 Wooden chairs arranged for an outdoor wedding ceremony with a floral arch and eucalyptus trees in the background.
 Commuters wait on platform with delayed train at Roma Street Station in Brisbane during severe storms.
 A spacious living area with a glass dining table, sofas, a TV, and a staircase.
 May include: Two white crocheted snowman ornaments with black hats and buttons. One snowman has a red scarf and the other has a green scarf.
· · ·
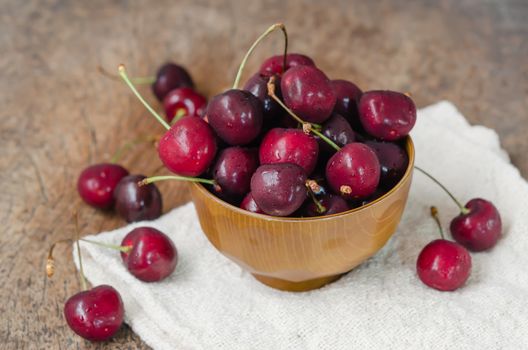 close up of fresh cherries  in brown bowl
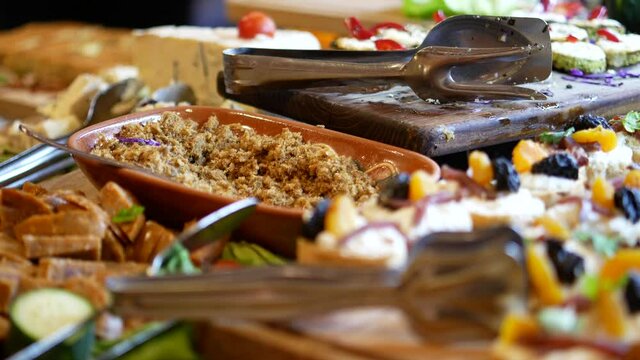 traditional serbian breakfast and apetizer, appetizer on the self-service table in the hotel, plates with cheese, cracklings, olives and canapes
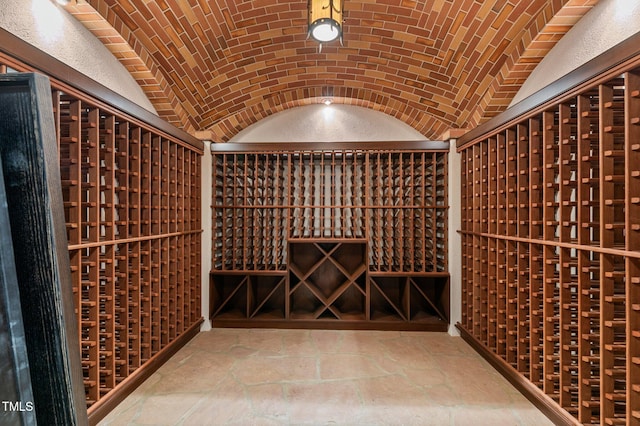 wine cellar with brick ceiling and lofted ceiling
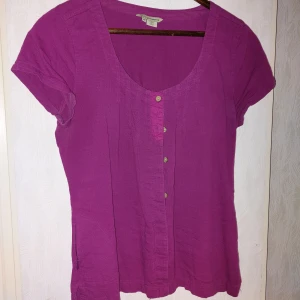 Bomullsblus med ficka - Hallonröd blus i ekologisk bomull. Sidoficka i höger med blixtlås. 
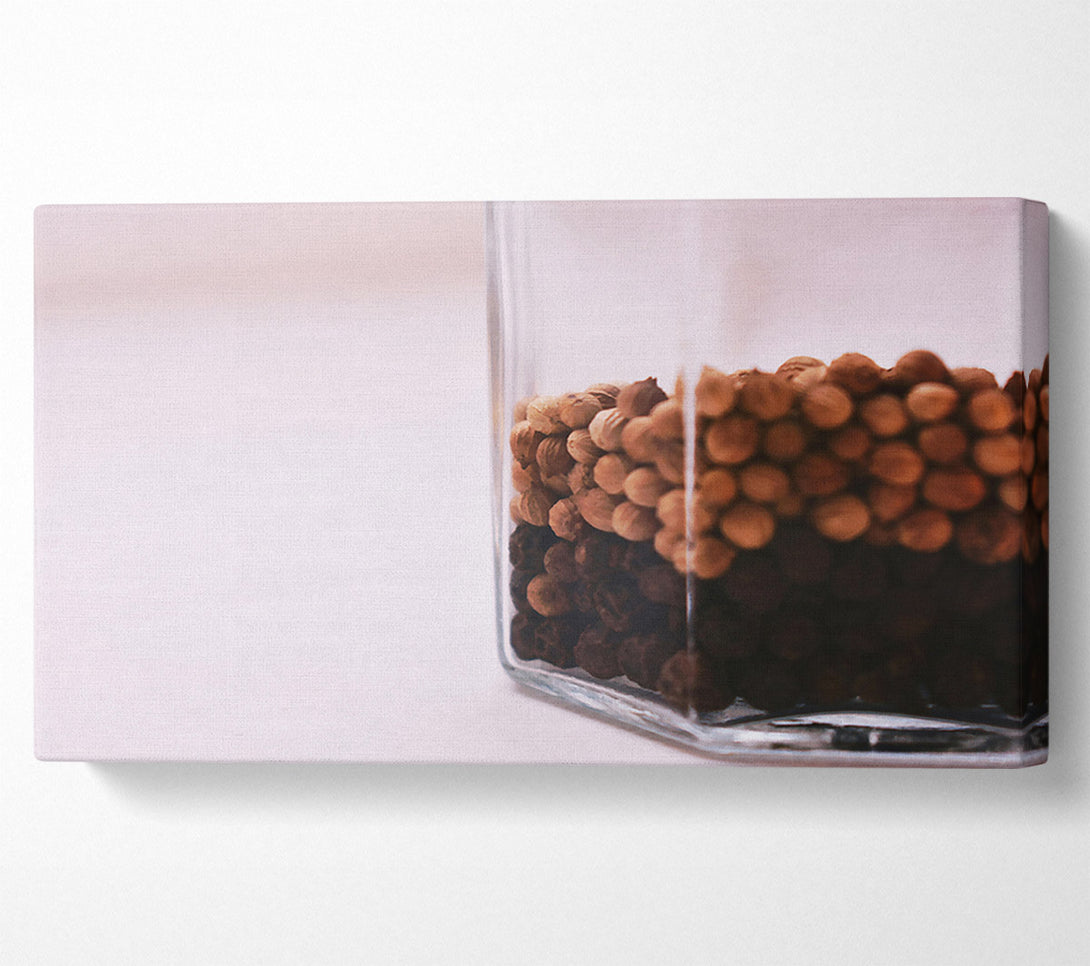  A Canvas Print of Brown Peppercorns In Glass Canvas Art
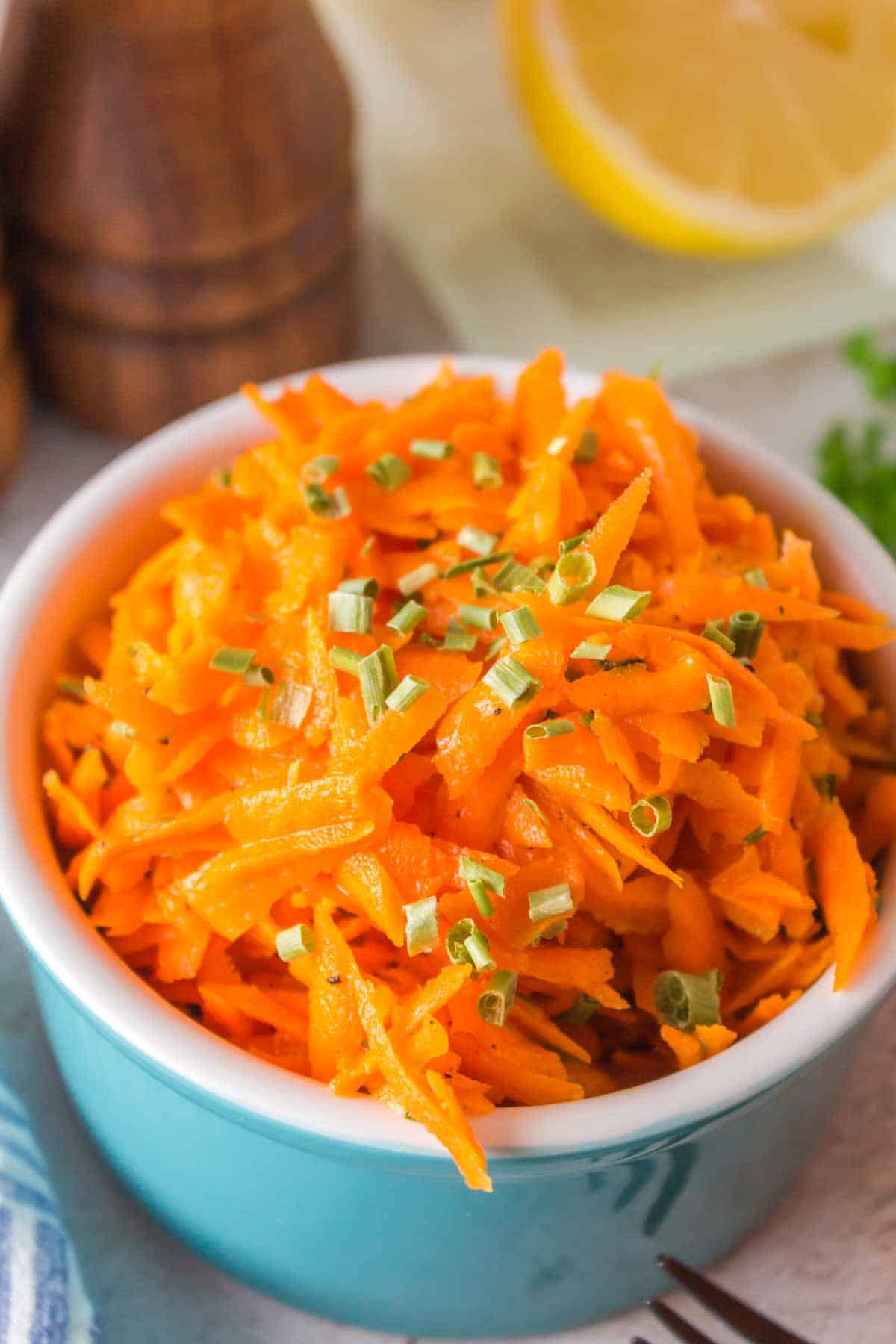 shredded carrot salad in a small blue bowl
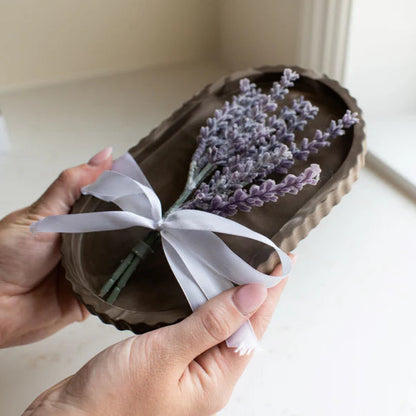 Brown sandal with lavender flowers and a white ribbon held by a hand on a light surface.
· · ·
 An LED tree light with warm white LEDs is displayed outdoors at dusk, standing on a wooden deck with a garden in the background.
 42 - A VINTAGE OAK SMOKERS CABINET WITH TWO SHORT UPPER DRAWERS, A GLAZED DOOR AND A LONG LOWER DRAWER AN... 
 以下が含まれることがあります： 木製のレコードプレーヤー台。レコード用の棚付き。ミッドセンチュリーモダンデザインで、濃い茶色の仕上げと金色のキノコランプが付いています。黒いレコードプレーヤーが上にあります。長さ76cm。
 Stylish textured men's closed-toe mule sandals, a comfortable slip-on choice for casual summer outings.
· · ·
| Task to carry out |
From the line containing "An LED tree" down to the line containing "Stylish textured men's" in the material above, reproduce every line exactly, including the two end lines.

| Task output |
 An LED tree light with warm white LEDs is displayed outdoors at dusk, standing on a wooden deck with a garden in the background.
 42 - A VINTAGE OAK SMOKERS CABINET WITH TWO SHORT UPPER DRAWERS, A GLAZED DOOR AND A LONG LOWER DRAWER AN... 
 以下が含まれることがあります： 木製のレコードプレーヤー台。レコード用の棚付き。ミッドセンチュリーモダンデザインで、濃い茶色の仕上げと金色のキノコランプが付いています。黒いレコードプレーヤーが上にあります。長さ76cm。
 Stylish textured men's closed-toe mule sandals, a comfortable slip-on choice for casual summer outings.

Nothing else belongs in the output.